A critica literária de Fernando Pessoa sobre a “Romaria”: elogio ou ironia?



A opinião de Fernando Pessoa sobre a obra e a figura de Vasco Reis não é pacífica. O autor da Mensagem escreveu mesmo sobre A Romaria, livro que tinha ficado à frente daquele no concurso do SPN de 1934. Mas enquanto que no website "Um Fernando Pessoa" se refere que esta “crítica, honesta e subtil, parece prova evidente de que [Pessoa] não guardara rancores do prémio que lhe fora a ele mesmo concedido”, já José Blanco, num ensaio intitulado “A verdade sobre a Mensagem” aponta para o sentido oposto:

E, se Fernando Pessoa ficou por ventura melindrado com a decisão do júri, vingou-se, com luva branca, do seu “rival” e co-premiado Vasco Reis, publicando no Diário de Lisboa, de 4 de Janeiro de 1935, uma crítica generosamente elogiosa (como eram, normalmente, as que fazia aos livros de amigos e conhecidos).

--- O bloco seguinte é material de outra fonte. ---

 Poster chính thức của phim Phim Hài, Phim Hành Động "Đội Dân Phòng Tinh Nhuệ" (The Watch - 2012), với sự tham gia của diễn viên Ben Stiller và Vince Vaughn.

Como em regra acontecia nos seus escritos de crítica literária, o verdadeiro intuito deste texto era denegrir, uma vez mais, duas das suas bêtes-noires: a Igreja Católica, em geral, e o catolicismo português, em particular, a que chamou “meiguice religiosa, preguiçosamente incerta do em que realmente crê”. O Padre Vasco Reis, escreve Pessoa, “a quem Deus fez ser franciscano para fins simbólicos – pertence portuguêsmente a este catolicismo amoroso”. Os louvores à obra seguem depois destas linhas assassinas...

Deixamos aqui um fragmento da crítica de Pessoa dirigida à Romaria, para que o leitor destas linhas possa decidir por si quando ao verdadeiro intuito do poeta:

“Em seu paganismo cristianíssimo, em seu sobrenaturalismo humano, esse poema é organicamente português.
O poema é cristão no sentido particular de católico e por isso mesmo é pagão.

[...] Entre os portugueses, em quem, em meu entender a emoção supera a  paixão – e é isto, creio, o que radicalmente, nos distingue dos vários espanhóis – o catolicismo assume naturalmente o que poderemos chamar o aspecto franciscano, que é, por assim dizer o aspecto essencialmente emotivo do cristianismo católico.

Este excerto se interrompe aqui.